MODEL AND EXPERIMENTAL VALIDATION OF A LOAD SENSING SYSTEM WITH A CRITICALLY LAPPED REGULATOR SPOOL

Authors

  • Duqiang Wu Lead Engineer, Eaton Corp, Minneapolis
  • Greg Schoenau Department of Mechanical Engineering, University of Saskatchewan 57 Campus Drive, Saskatoon, Saskatchewan, Canada, S7N 5A9
  • Richard Burton Department of Mechanical Engineering, University of Saskatchewan 57 Campus Drive, Saskatoon, Saskatchewan, Canada, S7N 5A9
  • Doug Bitner Department of Mechanical Engineering, University of Saskatchewan 57 Campus Drive, Saskatoon, Saskatchewan, Canada, S7N 5A9

Keywords:

load sensing, stability, linearization, operating point, energy efficiency

Abstract

A load sensing (LS) system is one in which the pump flow is regulated to keep the pressure drop across an orifice constant and independent of any variation in the load pressure. This ensures that the pressure loss across the orifice is kept to a minimum, thereby increasing efficiency. An LS regulator spool is used to sense the pressure drop across the orifice to control pump delivery. The spool can be underlapped, critically lapped or overlapped. As a trade-off between efficiency and dynamic response, the LS spool is usually critically lapped. This results in a nonlinear model that is sensitive to operating regions.

In this paper, a review of published literature on LS systems is briefly summarized.

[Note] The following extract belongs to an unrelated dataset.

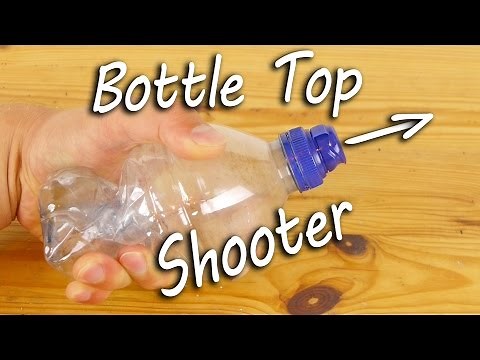 Bottle Top Shooter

An LS system model is developed and linearized. Procedures to solve these very complex equations are introduced. Because load sensing systems require pressure feedback, stability can often be an issue. Analysis of these systems to determine the steady state and dynamic performance is very difficult to do because of the dependency of the models on the operating point. Linearized models which reflect a methodology to account for changing operating conditions have been developed and have established three distinct regions of operation (labeled “Conditions I, II, and III”). This paper presents the experimental nature of these conditions and provides experimental evidence that the models so derived are valid over certain frequency ranges. The objective of this paper, then, was to establish confidence in the models by examining frequency response performance under these three distinct conditions. The results show that good agreement does exist between the models and their physical counterparts and establishes limitations thereof.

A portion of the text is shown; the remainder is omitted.